_Task to carry out_. Only the lines from the one containing "Cafeteria / Bar" to the end of the data should be copied, exactly and without pictures.

_Saved entries_.
---*---

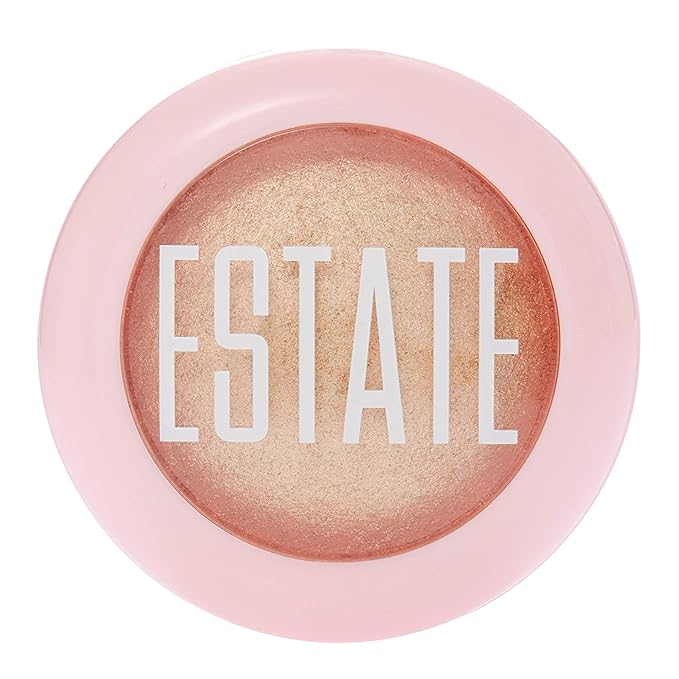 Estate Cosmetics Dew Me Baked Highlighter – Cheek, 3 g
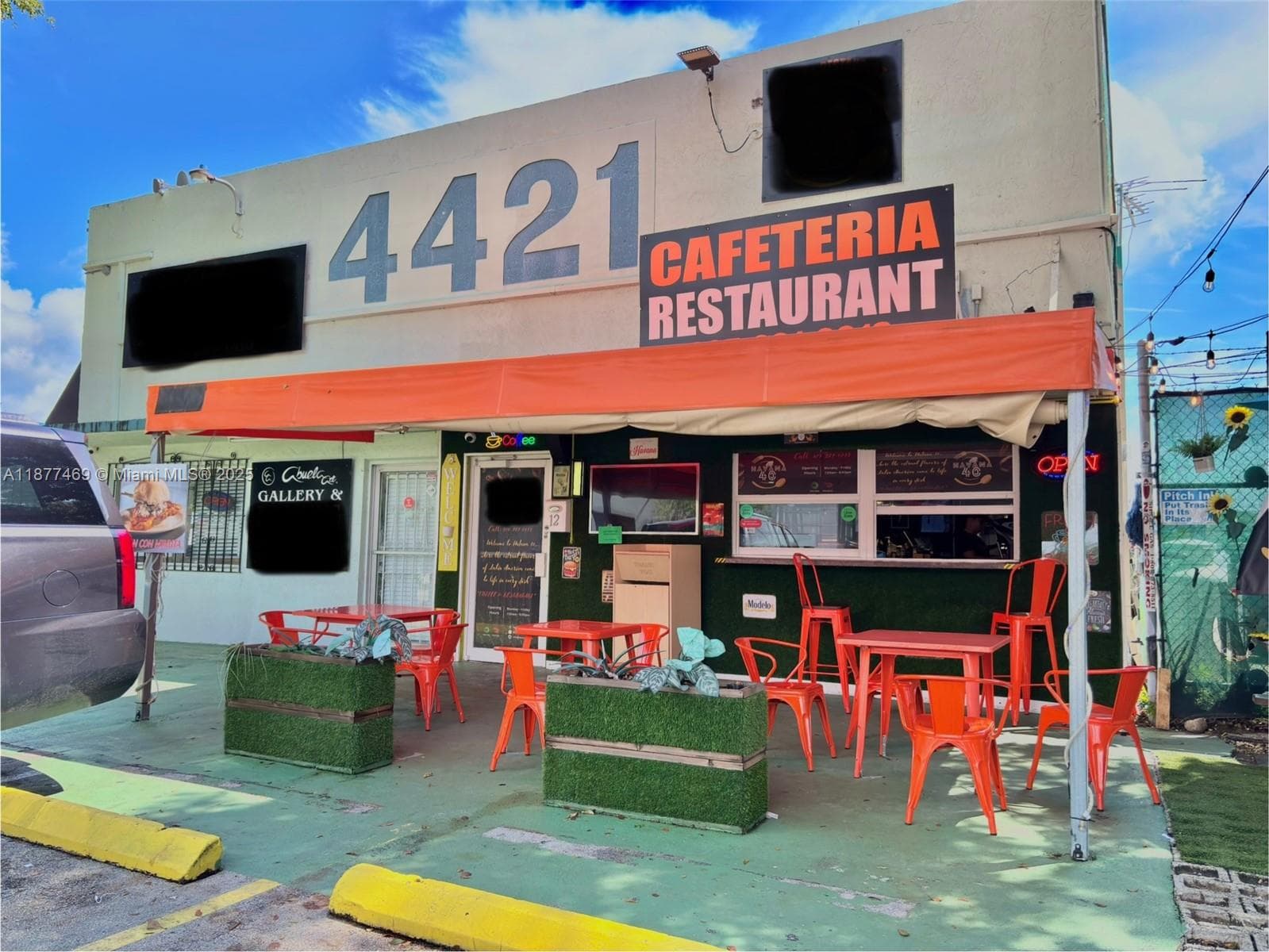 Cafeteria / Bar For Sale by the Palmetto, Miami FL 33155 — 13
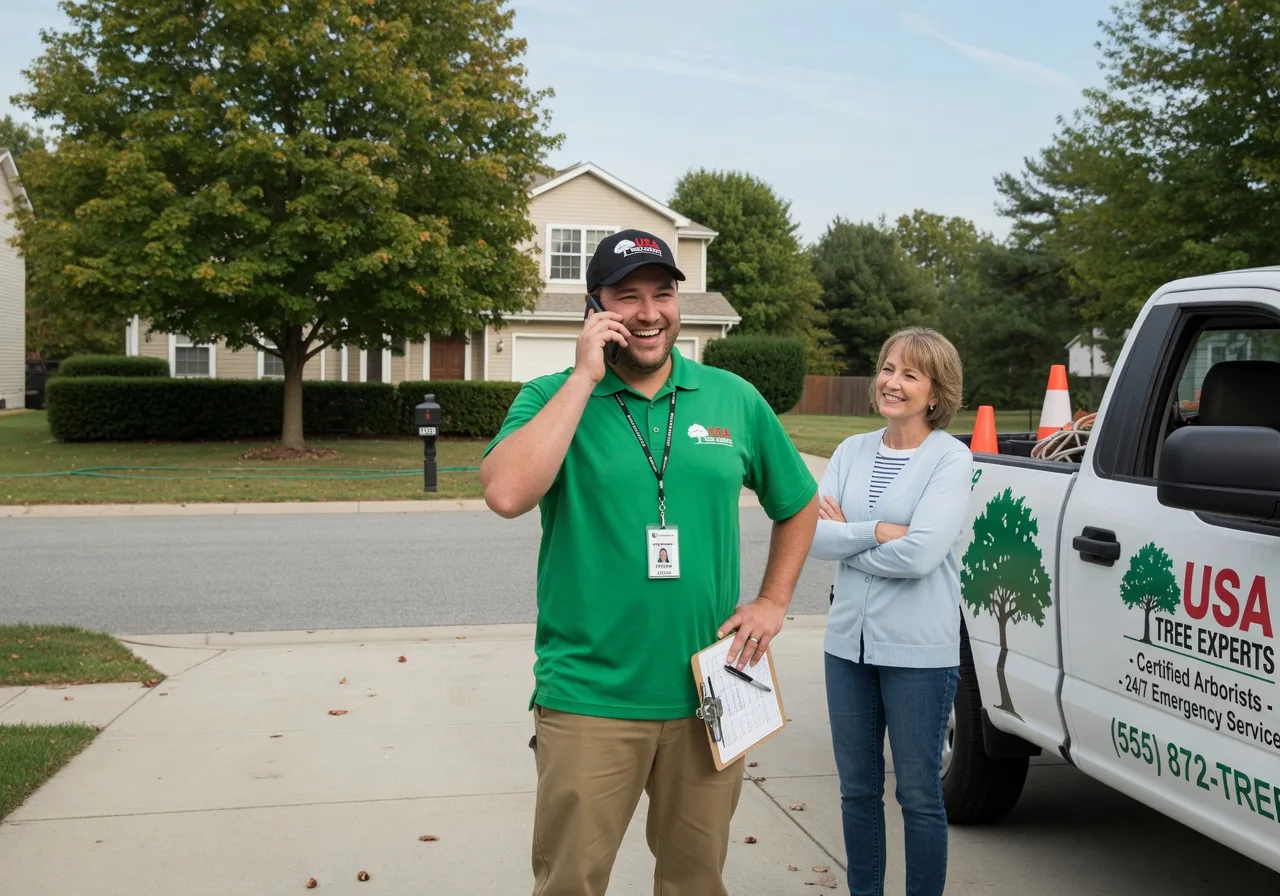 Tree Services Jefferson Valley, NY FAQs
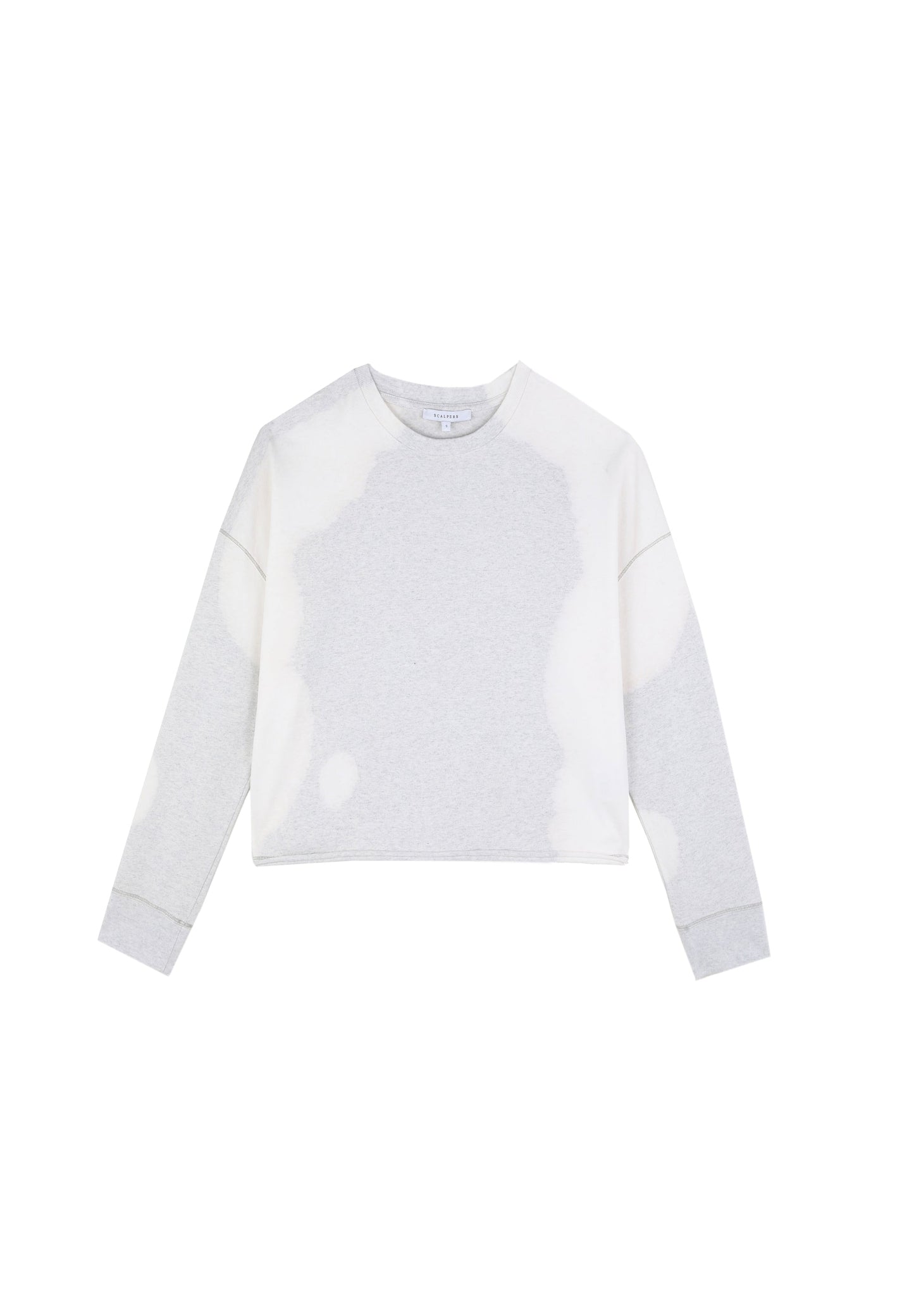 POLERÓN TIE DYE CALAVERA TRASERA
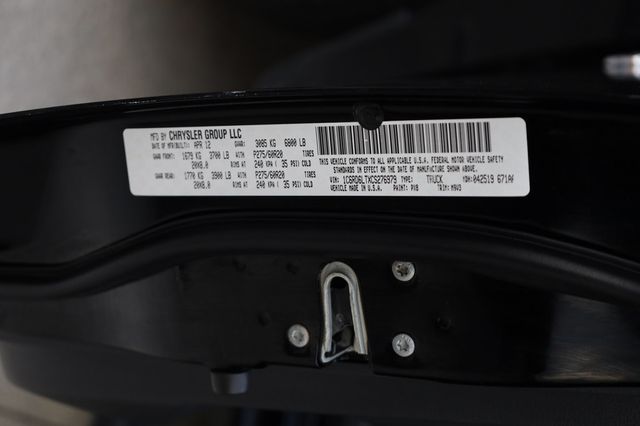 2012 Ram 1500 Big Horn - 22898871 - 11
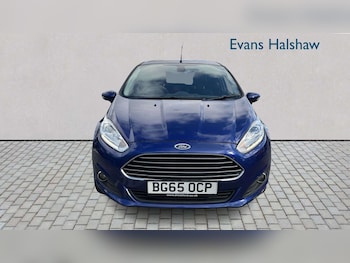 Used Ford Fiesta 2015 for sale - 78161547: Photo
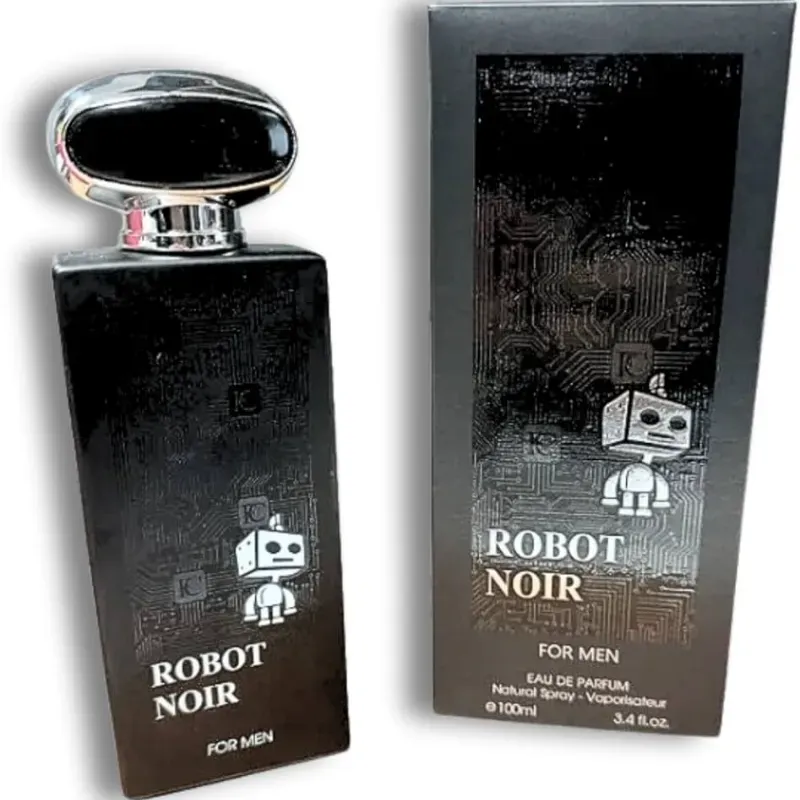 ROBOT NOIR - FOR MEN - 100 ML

---*---

_Output for this exercise_.
 Cafeteria / Bar For Sale by the Palmetto, Miami FL 33155 — 13
 Tree Services Jefferson Valley, NY FAQs
 POLERÓN TIE DYE CALAVERA TRASERA
 2012 Ram 1500 Big Horn - 22898871 - 11
 Used Ford Fiesta 2015 for sale - 78161547: Photo
 ROBOT NOIR - FOR MEN - 100 ML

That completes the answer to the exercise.